I’ve just finished reading a Q&A in Yale Environment 360 in which an expert contends that our educational system is a significant cause of “green failure,” ie. the inability of society to come to grips with climate change and other forms of environmental degradation. Here’s the nut of the argument:
The environment is often seen as a political issue and pushed to the margins of school curricula by administrators and parents, note [Charles] Saylan and Daniel Blumstein, a biology professor at the University of California-Los Angeles, in The Failure of Environmental Education (And How We Can Fix It). But at its core, the authors contend, environmental responsibility is a broadly held, nonpartisan value, much like respect for the law. As such, they believe, it deserves a central place in public education, with lessons on the environment permeating every student’s day.

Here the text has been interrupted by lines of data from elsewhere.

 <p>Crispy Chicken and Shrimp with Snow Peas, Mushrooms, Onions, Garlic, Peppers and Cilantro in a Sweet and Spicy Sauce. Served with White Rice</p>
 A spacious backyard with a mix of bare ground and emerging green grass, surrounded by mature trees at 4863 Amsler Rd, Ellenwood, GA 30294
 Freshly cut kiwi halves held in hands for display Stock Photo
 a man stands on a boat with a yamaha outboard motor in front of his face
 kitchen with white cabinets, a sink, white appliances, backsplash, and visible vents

I’m all for better education. I’m sure the co-author being questioned, Saylan, who’s co-founder and executive director of the California-based Ocean Conservation Society, is a smart and decent man. I consider the author/questioner in this piece, Michelle Nijhuis, to be an extraordinarily talented journalist. But the goo-goo argument I just summarized seems, to me, a very unfortunate example of preaching to the choir of environmental true-believers while, simultaneously, playing into the deepest fears conservatives love to spread about environmentalists and liberals. The belief that liberals control the academy and are corrupting our youth by pushing their ideology on them at school is central to the conservative catechism. What environmentalists might see as commonsense and noncontroversial — incorporating environmental responsibility into school curriculums — will be easily and effectively characterized/caricatured by the right as yet more of the leftist, nanny-statist, environmentally extreme social engineering that has killed the economy and saddled the nation with multitrillion-dollar debts and …. blad-dee-dah. Yes, it’s simplistic misleading nonsense, but it’s politically effective nonsense, and it seems that Saylan and his co-author are pitching right into the conservative big-government-is-bad wheelhouse. (I say “seems” because I’m judging from this one interview; I hope to get and read the book and will revise my opinion if necessary.)

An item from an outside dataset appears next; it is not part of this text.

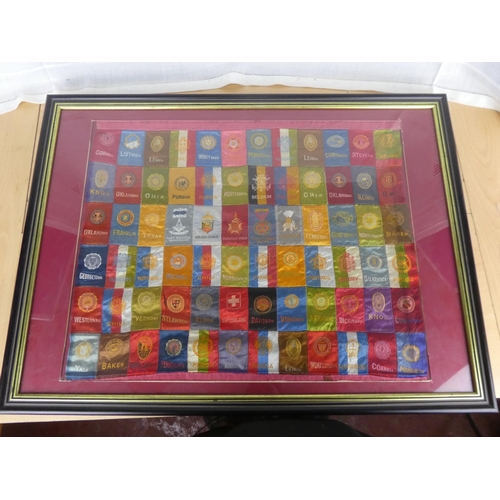 526 - An unusual framed collage of silk Mason's flags.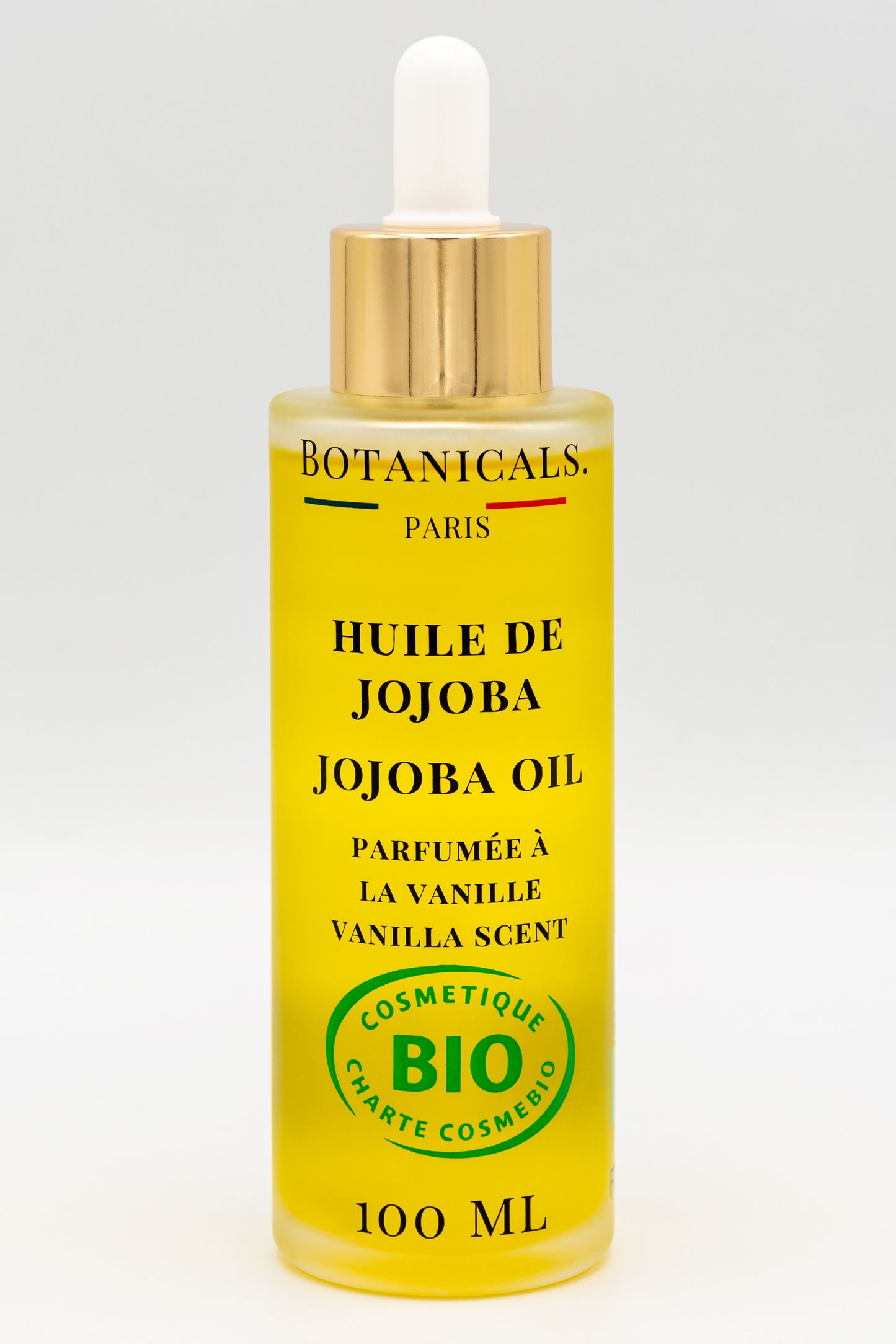 Une bouteille d'huile de jojoba bio 100ml Botanicals sur fond blanc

By all means let us teach true scientific facts to our schoolkids. But climate change is a clear and present danger — the most serious threat the world faces — and a couple of generations of wrangling over environmental education policy is exactly the wrong way to address it. I don’t claim to possess a lock on wisdom about conveying the climate change message so public attitudes change in the direction of accepting scientific fact and rejecting know-nothing political rhetoric and energy industry obsfucation. But I do believe that the large environmental nonprofits — the Sierra Club, the Environmental Defense Fund, Audubon and others — need to take some of their huge income streams and devote significant chunks of money directly to the task of making climate change uncool and stupid, in the way that cigarette smoking has been made dumb and unhip.
Congress won’t aggressively act on climate change until public attitudes strongly support action. The ability of advertising — funny, smart, hip, multi-platform advertising — to change attitudes, and particularly political attitudes, has been proven, over and over again. Al Gore and An Inconvenient Truth did their part to start the climate-change marketing effort. It’s time for the environmental lobby to pull money out of Washington and put it into a major, long-term, brilliant ad campaign focused on the most conceited, mean, greedy and uncool kid in school: Carlyle Dioxide.